Social science – human behaviours

When evacuation occurs, it is often impossible for a community to relocate as a community. This means that people who have evacuated to different cities might lose cohesion and face challenges in building connections with the original residents. In the Great East Japan Earthquake, many committed suicides or died alone due to loneliness. Therefore, it can be said that evacuation or abandoning one’s home is often physically possible, but not culturally or socially feasible.
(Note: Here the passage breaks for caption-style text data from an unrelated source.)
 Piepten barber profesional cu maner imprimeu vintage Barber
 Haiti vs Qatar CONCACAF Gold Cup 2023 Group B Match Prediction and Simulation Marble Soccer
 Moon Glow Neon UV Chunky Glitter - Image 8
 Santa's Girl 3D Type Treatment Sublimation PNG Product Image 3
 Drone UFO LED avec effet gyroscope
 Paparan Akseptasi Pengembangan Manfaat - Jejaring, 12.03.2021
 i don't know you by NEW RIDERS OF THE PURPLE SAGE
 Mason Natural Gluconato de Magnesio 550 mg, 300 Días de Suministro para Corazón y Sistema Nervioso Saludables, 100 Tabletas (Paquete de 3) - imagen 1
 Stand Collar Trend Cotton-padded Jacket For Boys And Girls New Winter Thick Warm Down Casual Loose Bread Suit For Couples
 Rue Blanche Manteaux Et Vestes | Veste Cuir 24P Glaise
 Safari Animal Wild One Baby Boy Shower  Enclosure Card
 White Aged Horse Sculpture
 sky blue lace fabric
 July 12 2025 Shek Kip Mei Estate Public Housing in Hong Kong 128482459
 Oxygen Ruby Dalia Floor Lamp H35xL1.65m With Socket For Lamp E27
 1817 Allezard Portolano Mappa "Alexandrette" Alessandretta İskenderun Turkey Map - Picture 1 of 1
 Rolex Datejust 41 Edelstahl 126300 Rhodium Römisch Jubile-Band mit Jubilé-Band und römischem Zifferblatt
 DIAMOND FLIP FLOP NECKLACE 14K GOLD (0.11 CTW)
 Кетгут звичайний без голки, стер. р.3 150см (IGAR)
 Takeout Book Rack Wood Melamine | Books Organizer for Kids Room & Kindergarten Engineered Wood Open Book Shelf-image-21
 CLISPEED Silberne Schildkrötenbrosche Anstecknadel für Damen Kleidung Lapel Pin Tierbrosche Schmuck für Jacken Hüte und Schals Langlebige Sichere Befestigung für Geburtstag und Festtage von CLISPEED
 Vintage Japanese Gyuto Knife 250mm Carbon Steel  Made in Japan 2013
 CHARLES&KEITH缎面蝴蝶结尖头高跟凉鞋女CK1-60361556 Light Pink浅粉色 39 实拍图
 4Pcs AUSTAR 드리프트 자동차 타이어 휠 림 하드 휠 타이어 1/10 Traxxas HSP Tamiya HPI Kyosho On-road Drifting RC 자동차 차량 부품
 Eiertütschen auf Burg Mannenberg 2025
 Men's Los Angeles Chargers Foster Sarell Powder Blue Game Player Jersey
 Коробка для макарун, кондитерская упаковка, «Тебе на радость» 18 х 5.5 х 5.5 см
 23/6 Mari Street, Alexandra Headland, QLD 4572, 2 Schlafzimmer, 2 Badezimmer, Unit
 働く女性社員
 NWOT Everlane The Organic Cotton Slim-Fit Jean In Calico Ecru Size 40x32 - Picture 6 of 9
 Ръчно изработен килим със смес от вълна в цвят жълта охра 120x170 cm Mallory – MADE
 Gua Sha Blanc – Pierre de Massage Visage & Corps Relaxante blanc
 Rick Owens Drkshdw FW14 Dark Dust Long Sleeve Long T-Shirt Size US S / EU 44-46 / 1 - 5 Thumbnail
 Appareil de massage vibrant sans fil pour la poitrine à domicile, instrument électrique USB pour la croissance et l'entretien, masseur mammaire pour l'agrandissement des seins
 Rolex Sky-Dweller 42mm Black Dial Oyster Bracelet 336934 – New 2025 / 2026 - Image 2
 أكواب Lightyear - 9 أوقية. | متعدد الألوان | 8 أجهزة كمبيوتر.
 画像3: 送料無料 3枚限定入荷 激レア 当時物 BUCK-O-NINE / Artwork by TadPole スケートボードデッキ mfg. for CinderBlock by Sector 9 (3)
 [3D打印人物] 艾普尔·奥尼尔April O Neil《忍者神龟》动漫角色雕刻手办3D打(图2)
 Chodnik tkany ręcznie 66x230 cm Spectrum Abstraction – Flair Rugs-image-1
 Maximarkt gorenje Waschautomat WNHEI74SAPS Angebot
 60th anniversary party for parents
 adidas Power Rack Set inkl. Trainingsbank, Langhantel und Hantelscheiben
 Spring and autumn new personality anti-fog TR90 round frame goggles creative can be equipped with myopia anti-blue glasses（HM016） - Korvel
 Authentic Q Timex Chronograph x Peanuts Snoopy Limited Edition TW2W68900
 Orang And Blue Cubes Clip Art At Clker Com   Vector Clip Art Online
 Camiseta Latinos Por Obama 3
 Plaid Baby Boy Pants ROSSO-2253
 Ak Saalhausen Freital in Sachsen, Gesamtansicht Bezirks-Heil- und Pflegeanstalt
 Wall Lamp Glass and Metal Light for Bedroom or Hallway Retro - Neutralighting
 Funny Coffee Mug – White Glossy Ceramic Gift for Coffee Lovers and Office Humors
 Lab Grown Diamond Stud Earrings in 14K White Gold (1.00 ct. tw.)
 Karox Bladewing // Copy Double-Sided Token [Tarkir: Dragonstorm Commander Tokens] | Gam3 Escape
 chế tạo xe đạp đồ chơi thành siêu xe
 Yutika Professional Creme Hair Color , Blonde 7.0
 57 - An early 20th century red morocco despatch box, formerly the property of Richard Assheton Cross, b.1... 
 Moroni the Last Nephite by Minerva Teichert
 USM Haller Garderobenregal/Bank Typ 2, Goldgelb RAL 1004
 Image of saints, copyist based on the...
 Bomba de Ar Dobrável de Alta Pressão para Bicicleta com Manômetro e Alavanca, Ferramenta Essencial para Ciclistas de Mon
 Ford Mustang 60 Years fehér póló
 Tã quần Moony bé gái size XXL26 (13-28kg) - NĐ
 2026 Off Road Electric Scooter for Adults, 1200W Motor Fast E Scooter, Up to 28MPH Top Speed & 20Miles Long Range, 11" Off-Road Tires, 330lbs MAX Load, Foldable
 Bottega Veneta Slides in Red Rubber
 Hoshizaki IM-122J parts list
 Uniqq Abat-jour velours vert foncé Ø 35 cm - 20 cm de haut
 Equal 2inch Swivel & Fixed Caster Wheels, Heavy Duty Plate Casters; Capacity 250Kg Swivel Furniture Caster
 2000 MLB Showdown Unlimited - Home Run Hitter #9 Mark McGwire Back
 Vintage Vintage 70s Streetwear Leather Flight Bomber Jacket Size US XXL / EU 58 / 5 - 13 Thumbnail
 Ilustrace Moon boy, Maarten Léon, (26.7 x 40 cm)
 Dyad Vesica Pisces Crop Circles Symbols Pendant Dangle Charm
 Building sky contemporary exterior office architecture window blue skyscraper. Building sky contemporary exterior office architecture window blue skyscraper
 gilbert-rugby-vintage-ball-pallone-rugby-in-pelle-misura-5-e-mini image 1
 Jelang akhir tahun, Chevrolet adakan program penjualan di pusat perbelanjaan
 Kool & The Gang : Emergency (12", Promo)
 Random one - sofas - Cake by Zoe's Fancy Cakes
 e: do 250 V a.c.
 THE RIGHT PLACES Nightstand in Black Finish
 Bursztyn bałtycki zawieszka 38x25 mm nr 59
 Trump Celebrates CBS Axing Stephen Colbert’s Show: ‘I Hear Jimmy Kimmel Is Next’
  1. Racism has caused delays in stopping the spread of the plague in Nairobi. What are other social issues (racism, poverty, violence, etc.) that have affected your field of interest?

Gender inequality

The Sexual Orientation and Gender Identity Expression (SOGIE) Equality Bill in the Philippines was brought up in this discussion. A female senator proposed a law to protect females and the LGBT community and to provide sex education in high schools. Under the impression and consideration that this law will give liberty to the LGBT community, the more conservative parties disagreed so it was not successful. As a result, there is less accessibility to free health care, and reported an increase in HIV cases.

Political issues

A small political decision has largely affected solid waste management in Indonesia. There was one urgent need in renovating a landfill site but the government refused to approve the construction. The reason for this was that the ruling party is ending its governance, so they were hoping to pass on this problem to the next cabinet. Therefore, one question that arose from this discussion was whether democracy benefits only a small part of the people.



  1. Gharipour, M., DeClercq, C., Szende, K., Gecser, O., Chida-Razvi, M., & Odari, C. (2021). Part I: Urban Governance: Politics and Management. In Epidemic urbanism: How contagious diseases have shaped global cities (pp. 4–81). essay, Intellect.